Anne Marie Hall’s Reclining and Sue Jarvis’ The Striped Chair are bookends of the non-floral, figurative works of the show. The two nudes take you from the traditional, sedate nude of Jarvis to the odd, near abstract, almost amorphous nude by Hall. Karima Baadilla’s Soft places, warm teapot brings a still life tradition that begins with Thea Proctor’s 1925 work into a more textural contemporary moment. Erica Tandori brings the proliferation of Australian flora into the now with her gorgeous eucalypts. The quintessential Aussie beach scene is captured by Dorothy Braund with her highly stylized figures and Tanya Hoddinott finds the theme in abstraction that feels like it’s at the edges of reality.
Above the bookshelf, there’s a section of wall that goes from Nora Wampi in the top right corner and ends with Marjorie Bolton Harvey at the top of the stairs which in itself would have been a stellar show. First Tulips of the Season by Evie Cahir had the artist echoing herself across the room to her portrait of contemporary domesticity that hangs on the opposite wall. The washes of colour, the lightness of the mark making endure for Cahir over the works, though they have little in common on a compositional level. Both in the abstract work and in the figurative one, Cahir paints with a clarity of purpose and a tenderness that suffuses the paintings.
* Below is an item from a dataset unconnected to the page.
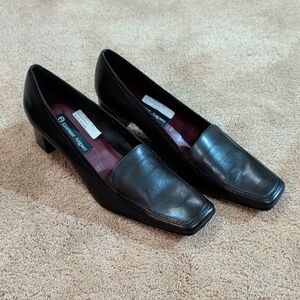 Etienne Aigner Black Women's Flats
This tenderness calls out to so many works through the show – on the walls, in the drawer, in the storeroom – that naming them out individually would belie my point. It is not a radical gathering of works, Rosalie Gascoigne’s Blue Water from 1977 is a captivating assemblage work that is perhaps the most off beat. A weird store of doll hands and advertisements, it is the most avant garde work on display, though its difference to the rest of the showing does not make it feel incongruous.
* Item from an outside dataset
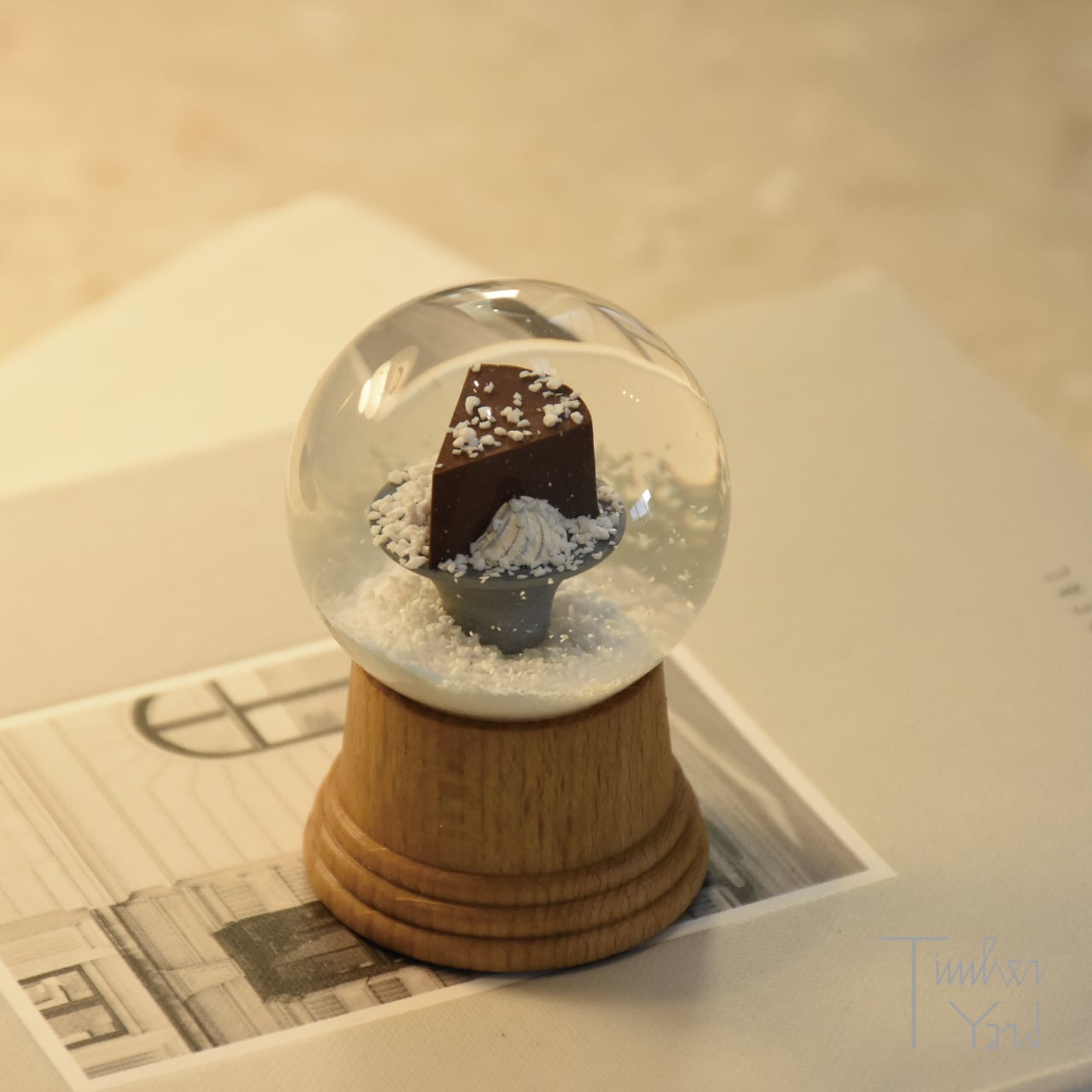 ONLINE限定】スノードーム / ザッハトルテ / 木製台座 / Φ4.5cm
The show, especially for a commercial show, is masterfully curated. In many ways it felt like stepping back in time to a salon, crouching down to get a better look at the lower works, craning my neck to catch the details above me. Every additional work I saw seemed to flow into the next. Take your time with the show, ask to see the works on paper. Early works from Deborah Klein ground her current hyperrealistic portraits with her feminist linocut roots. Judy Cassab’s etchings call out to Jennifer Huang’s self portrait. No artist has ever been just one thing – these works ground that with physical proof. There’s a lineage here, both for their practices and the development of art by women in this country over the last century that Art & Collector’s has captured time and again in their selections.
More than anything, it’s a show that made me want to stay a while. Bec and I ducked into the opening, before deciding that the sea of people was perhaps not the ideal viewing environment. On my return, I lingered, looking again and again, with each detail I caught more and more thankful for the pair of people perusing another set of prints as I waited eagerly to see what was tucked away in the drawers of works on paper while others debated print purchases.
A Seat at the Table is on at Art & Collectors until 16 May.